Wild Cards in the EV Fast-Charging Business (5)

 

Many electric vehicle chargers across the U.S. do not work properly, creating a significant challenge for the Biden administration’s agenda and a shift away from gasoline-powered cars.

Imagine living in a world where the gas station has trouble providing gasoline.

Every few times a driver fills up, something goes haywire — the gas doesn’t flow, or it flows fast for a while and then slows to a trickle. Other times, the credit card payment is mysteriously rejected or the screen is blank.

If the consumer wants a helping hand, too bad. In this world, the gas station has no human, and the only option is a 1-800 number. The gas pumps are alone in the middle of a big parking lot.

Swap the word “gasoline” for “electricity,” and this is a realistic description of what happens every day at electric-vehicle charging stations across the United States.
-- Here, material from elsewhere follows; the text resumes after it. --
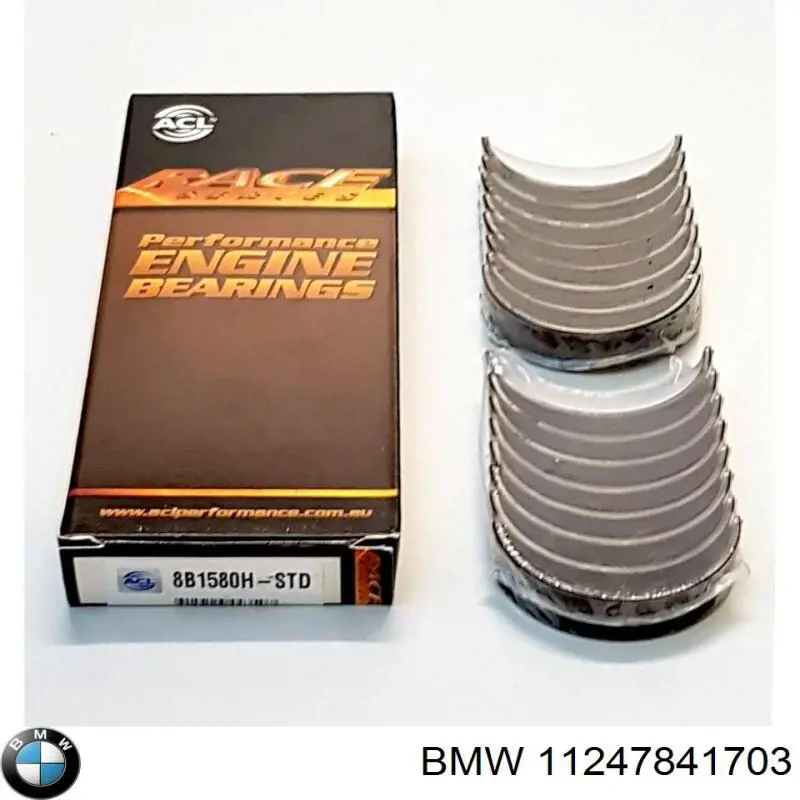 11247841703 BMW Juego de cojinetes de cigüeñal, cota de reparación (+0,25 mm)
The high-tech, high-speed highway fueling system that America is building to power its EVs and replace the gas station is riddled with glitches that are proving difficult to stamp out.

Individually, they are hiccups, but collectively, their consequences could be profound.

“It adds to the non-EV driver’s view of the world that EV charging is painful,” said Bill Ferro, a software expert and founder of EVSession, an EV charger analytics firm. “People feeling that it’s a risk to buy an EV because the fast-charging infrastructure stinks is going to slow down EV adoption.”

The problems are experienced by those who use fast chargers on the go and who aren’t driving Teslas. Studies and innumerable anecdotes describe the strange stumbles they encounter: a blank screen, a broken plug, a credit card payment that fails, sessions that abort without warning, electric current that flows fast this moment and slowly the next.

Behind the snafus are a daunting set of structural problems. They are tied to the peculiar way that EV chargers have evolved, and the fact that wires and batteries are way more complicated than what happens at the gas station.

“It’s a harder problem than pumping fuel from one reservoir into another,” Ferro said.

The problems are persisting even as billions of dollars pour into the charging sector from the federal and state governments, network operators and automakers.

Several recent studies of the charging system have found discouraging results.

Last year, researchers visited every public fast charger in the San Francisco Bay Area and found that almost 23 percent of them had “unresponsive or unavailable screens, payment system failures, charge initiation failures, network failures, or broken connectors.” And in a survey of EV drivers, the auto consultancy J.D. Power found the public charging network “plagued with non-functioning stations.” One in five sessions failed to deliver a charge. Almost three-quarters of those failures involved a station that malfunctioned or was offline.

Realizing the urgency of a fix, a variety of public and private players are trying out solutions.

The Biden administration, for example, set standards for “uptime,” or the percentage of time a charger is operational. California is launching a major inquiry into how to improve the customer experience. Automaker Ford Motor Co. last year deployed its own squad of station auditors. The largest public network, Electrify America, is replacing a fifth of its stations with newer models.

But many of these actions work at the edges of a black hole.

No one can define what it means for an EV driver to have a satisfactory charging experience. No underlying data exists. As hundreds of thousands of Americans buy EVs and start traveling the highways, this lack of a yardstick means that no one is accountable. Without accountability, problems are likely to persist.

The concern for industry is that the swelling ranks of EV drivers will tell their friends that highway charging is a little buggy, a little annoying — just enough of a hindrance that those millions of friends hold off from going electric, while the planet steadily warms.